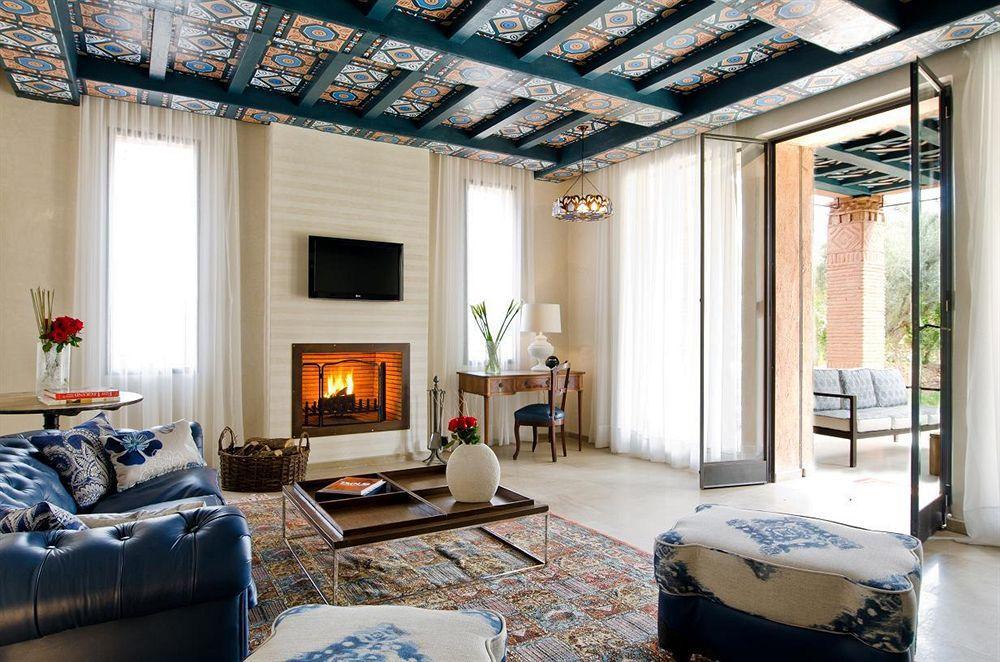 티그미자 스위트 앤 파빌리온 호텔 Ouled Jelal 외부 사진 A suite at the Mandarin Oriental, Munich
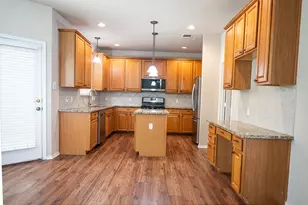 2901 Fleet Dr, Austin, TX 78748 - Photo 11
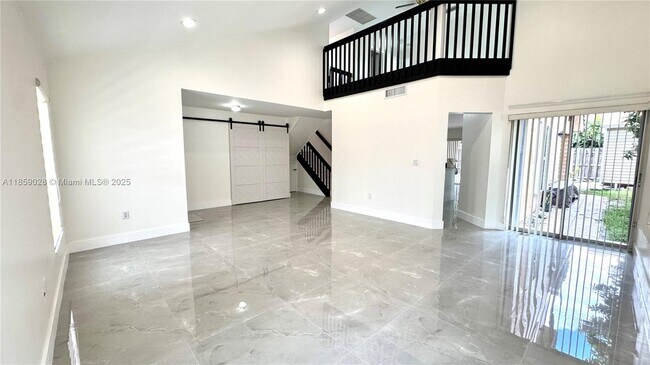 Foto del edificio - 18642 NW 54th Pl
+++
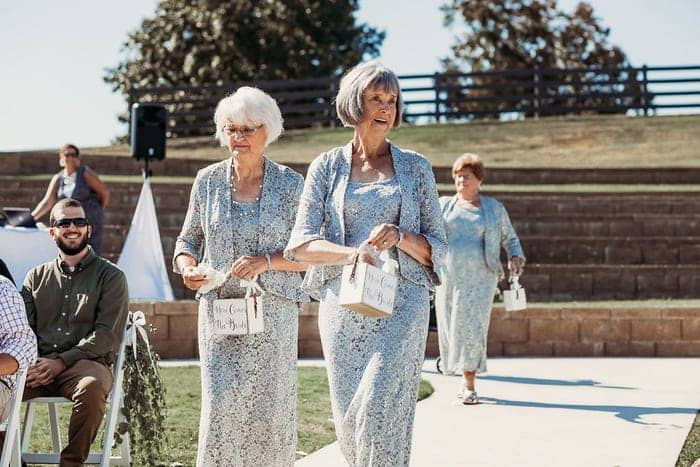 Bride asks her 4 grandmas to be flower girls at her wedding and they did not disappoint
+++
What you should do: Print exactly the lines above that run from the one with "2901 Fleet Dr, Austin, TX 78748 - Photo 11" to the one with "Foto del edificio - 18642 NW 54th Pl", both included. No pictures.

Exercise response:
 2901 Fleet Dr, Austin, TX 78748 - Photo 11
 Foto del edificio - 18642 NW 54th Pl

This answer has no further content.